Please transcribe the data below exactly. Leave the pictures out.

=== Section Start ===

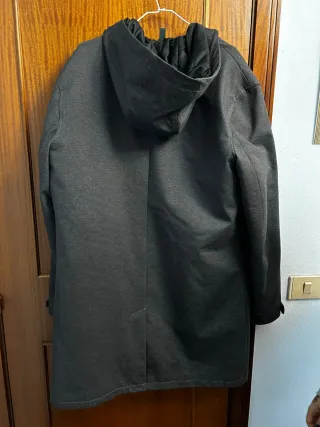 Traje gris y abrigo.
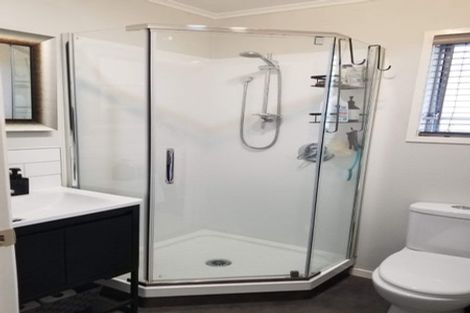 Photo of property in 1/2 Palm Court Drive, Glen Eden, Auckland, 0602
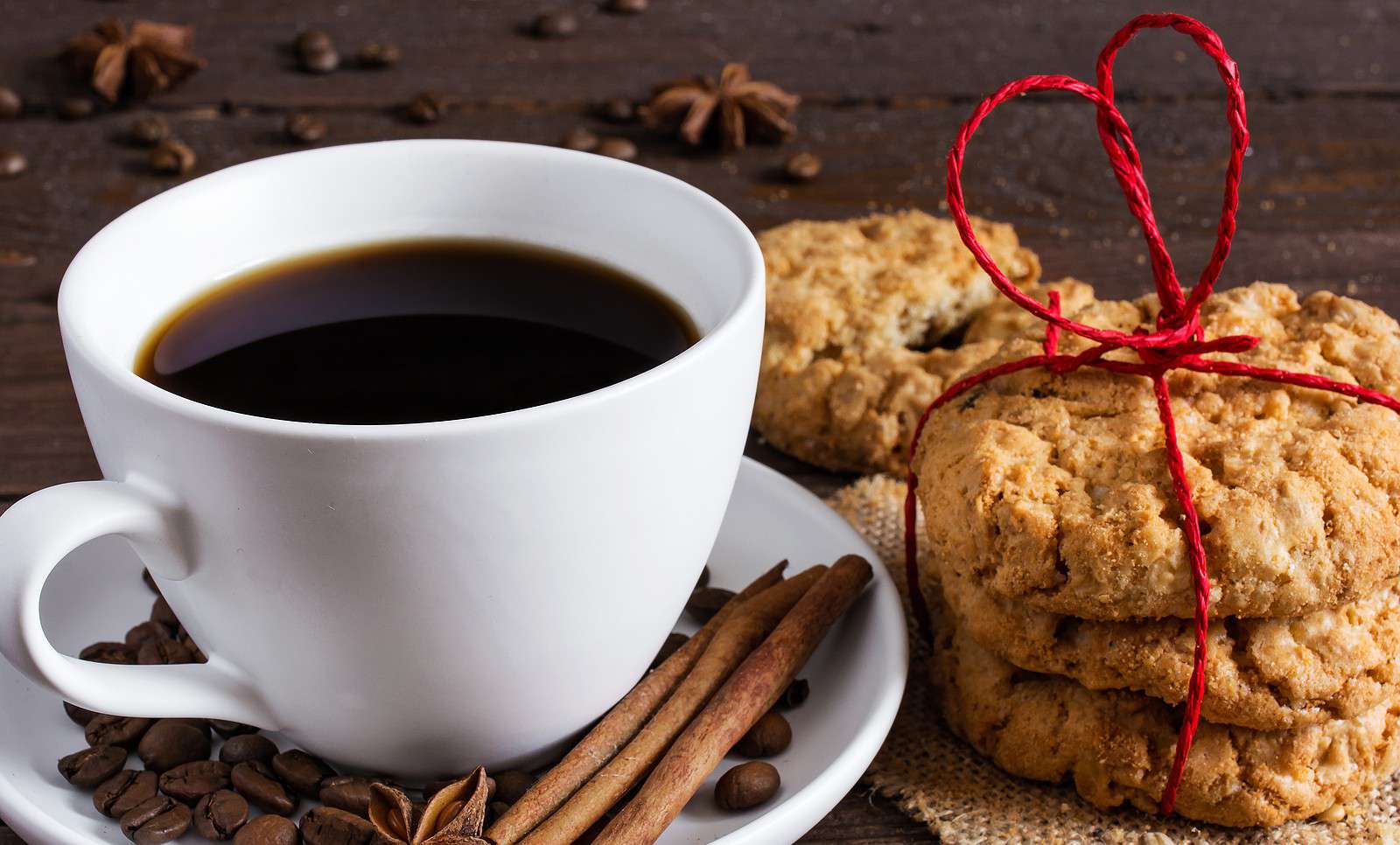 Vegan No-Bake Spice Cookies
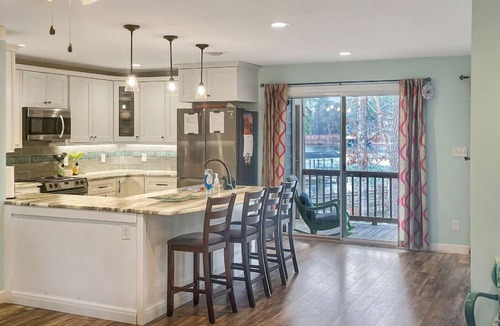 Henrico House | Lakefront, Hot Tub, Firepit, 6BR house, Pet Friendly, , Game room, Kayaks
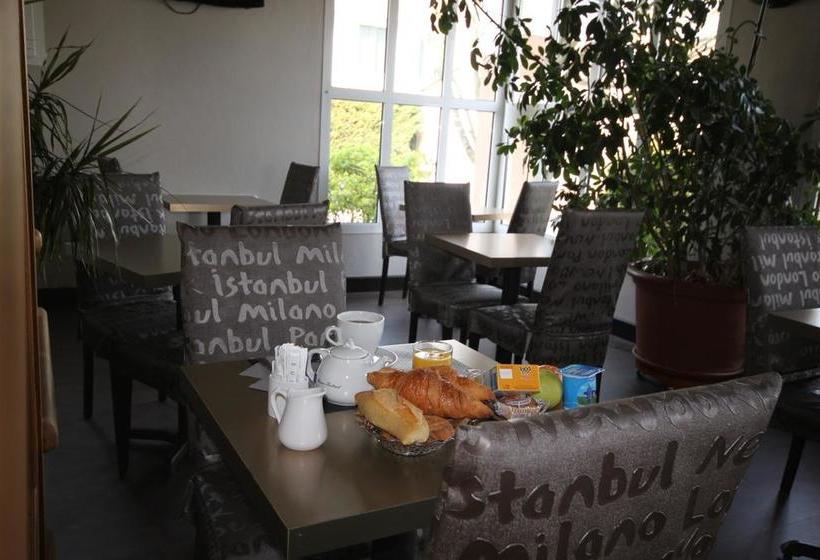 Отель Hôtel D'arcins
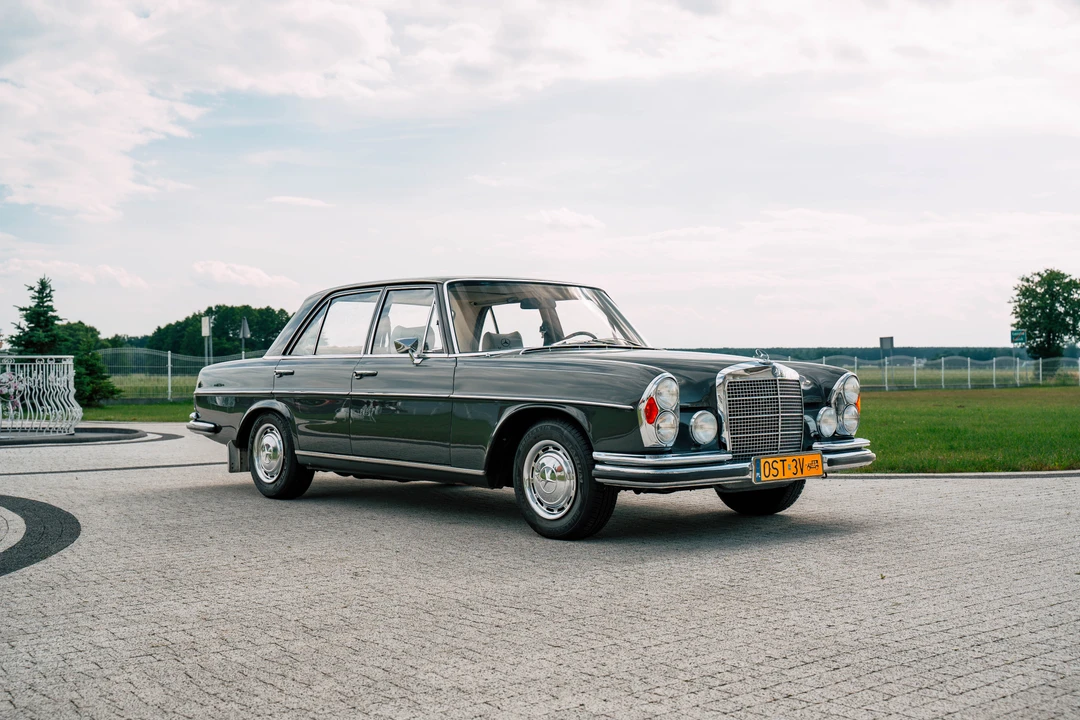 1969 Mercedes-Benz W108 & W109 - Image 9 of 31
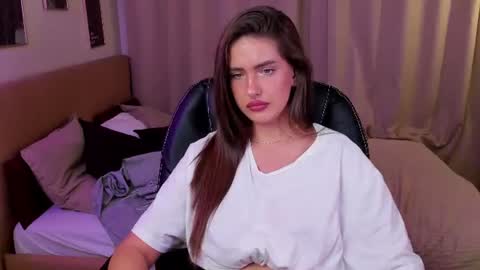 Bella online show from August 9, 5:30 am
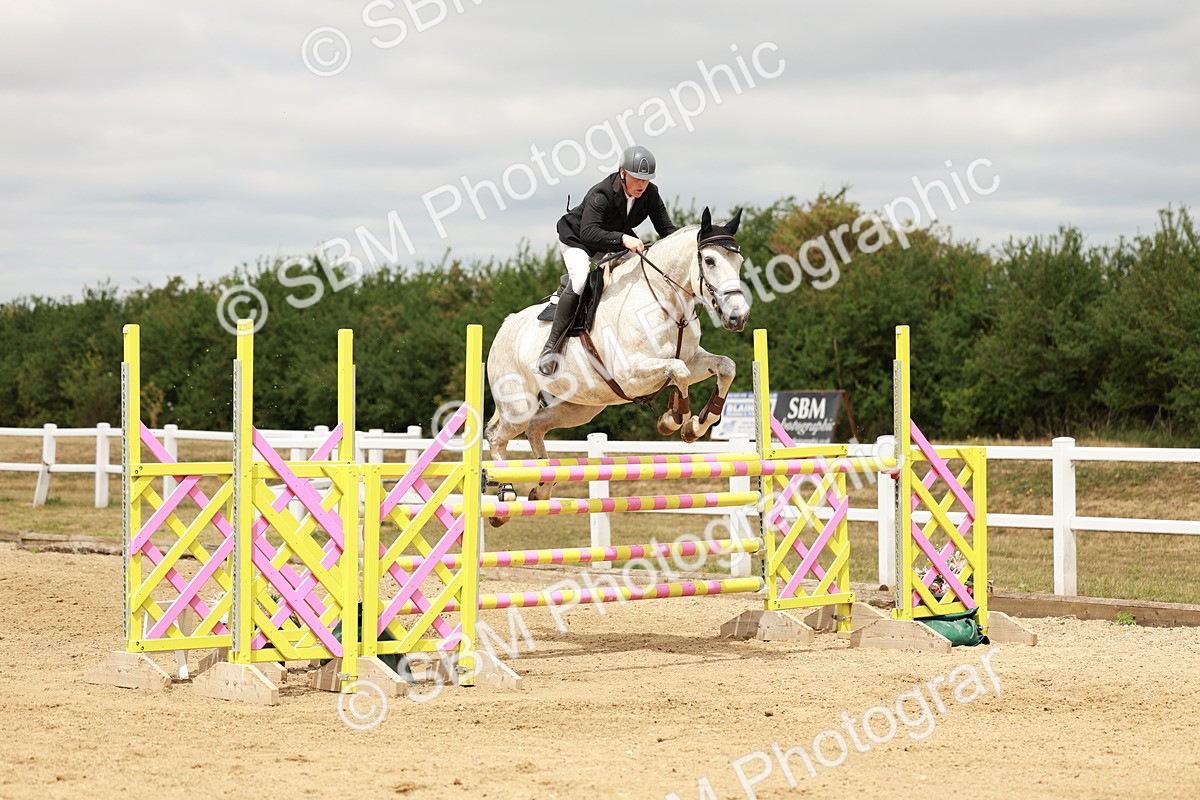 SBM_017802 - Class 21 - Senior Newcomers Championship 2d Rd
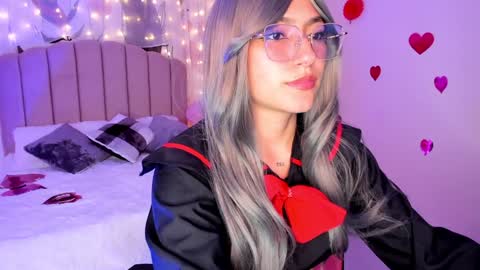 Allondra  online show from 02.09.25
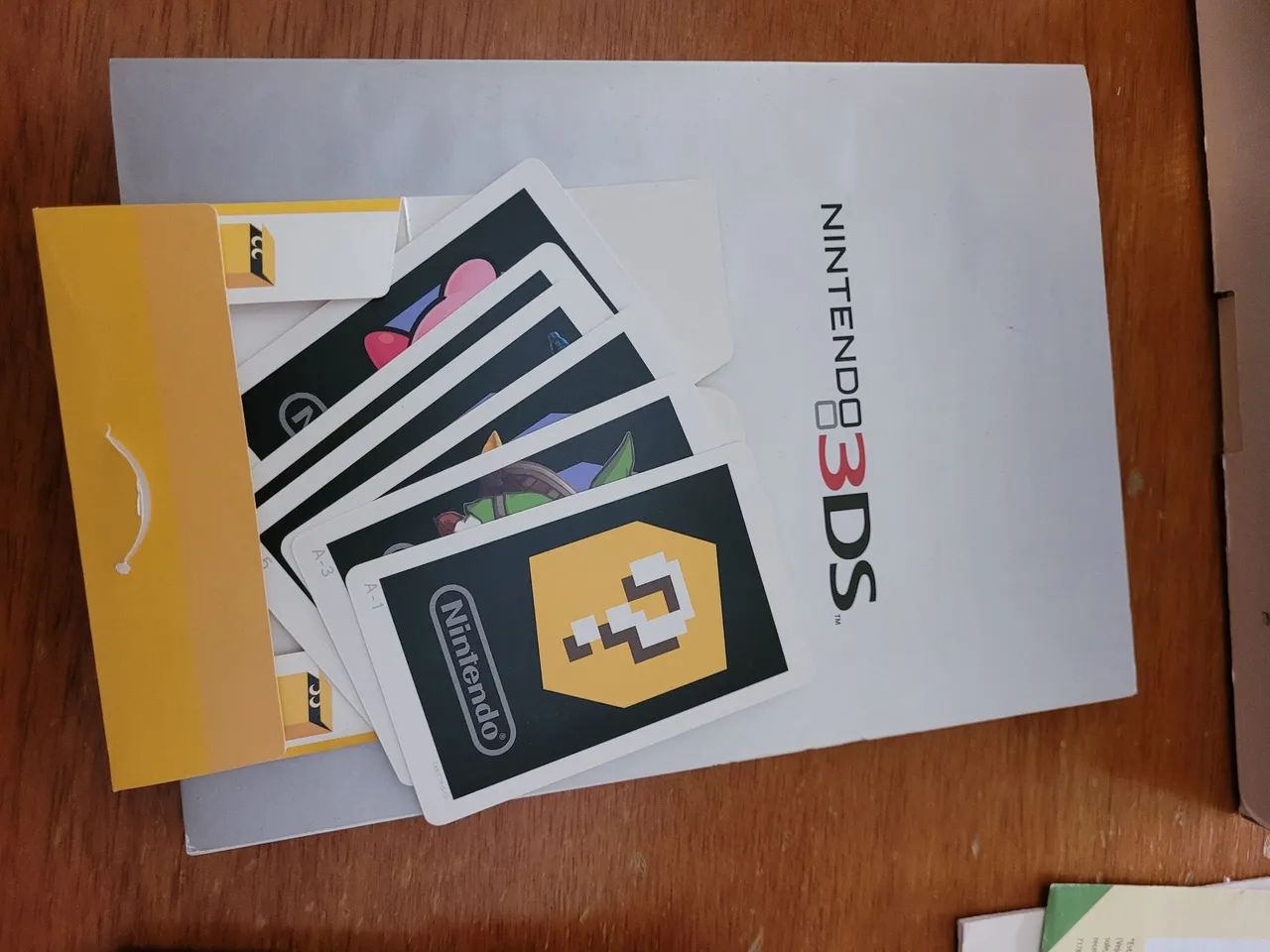 Nintendo 3DS + 4 jogos - Foto 3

=== Section End ===

Task output
 Traje gris y abrigo.
 Photo of property in 1/2 Palm Court Drive, Glen Eden, Auckland, 0602
 Vegan No-Bake Spice Cookies
 Henrico House | Lakefront, Hot Tub, Firepit, 6BR house, Pet Friendly, , Game room, Kayaks
 Отель Hôtel D'arcins
 1969 Mercedes-Benz W108 & W109 - Image 9 of 31
 Bella online show from August 9, 5:30 am
 SBM_017802 - Class 21 - Senior Newcomers Championship 2d Rd
 Allondra  online show from 02.09.25
 Nintendo 3DS + 4 jogos - Foto 3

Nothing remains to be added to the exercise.